Police Chief A.E. “Tex” Smith would eventually be found not guilty of a misdemeanor official misconduct charge more than a year later.
The March 7, 1993, story of Smith’s arrest began with a narrative of a raid on the grocery store by other police officers, which resulted in the confiscation of five “Las Vegas-style slot machines:”
“It was shortly after 5 p.m. Friday and Agnes King was busy working the cash register at the West End Grocery she owns on Shelby Street. One item after another was being placed on the counter by a steady stream customers.
“A bag of chips by a little girl. A package of batteries by a teenage boy. A pack of cigarettes by a middle-aged man. And then a search warrant by a Junction City police officer.”
About four hours after that, Smith was arrested and charged with first-degree official misconduct for allegedly taking payoffs from the machines, according to the archived story.

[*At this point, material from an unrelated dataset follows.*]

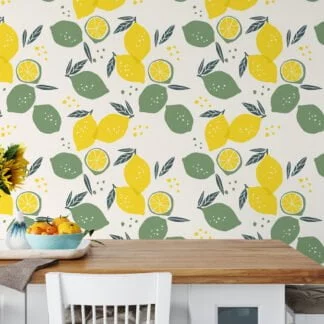 Lemon And Leaves Illustration Wallpaper, Zesty Lemon Grove Peel & Stick Wall Mural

City Attorney A. Jack May said at the time while it wasn’t illegal to receive a payoff from a gambling machine, it was illegal to possess the machines and allow people to use them for gambling.
Smith had already been suspended by Mayor Harold Leach, due to a written complaint filed by police officer Paul Hatfield, who said he witnessed Leach taking a payoff.
Hatfield would go on to take Smith’s place as Junction City police chief. While the charge against him was still pending, Smith took a new job as Hustonville’s police chief.
The owner of the grocery store ultimately entered an Alford guilty plea to charges of allowing gambling. An Alford plea allows defendants to not admit guilt, but admit there is enough evidence to convict them of a crime.
On May 11, 1994, Smith was found not guilty due to a lack of “solid evidence” that he had received a gambling payoff. “I’m well pleased with the verdict due to the fact that I wasn’t guilty,” Smith told a reporter at the time.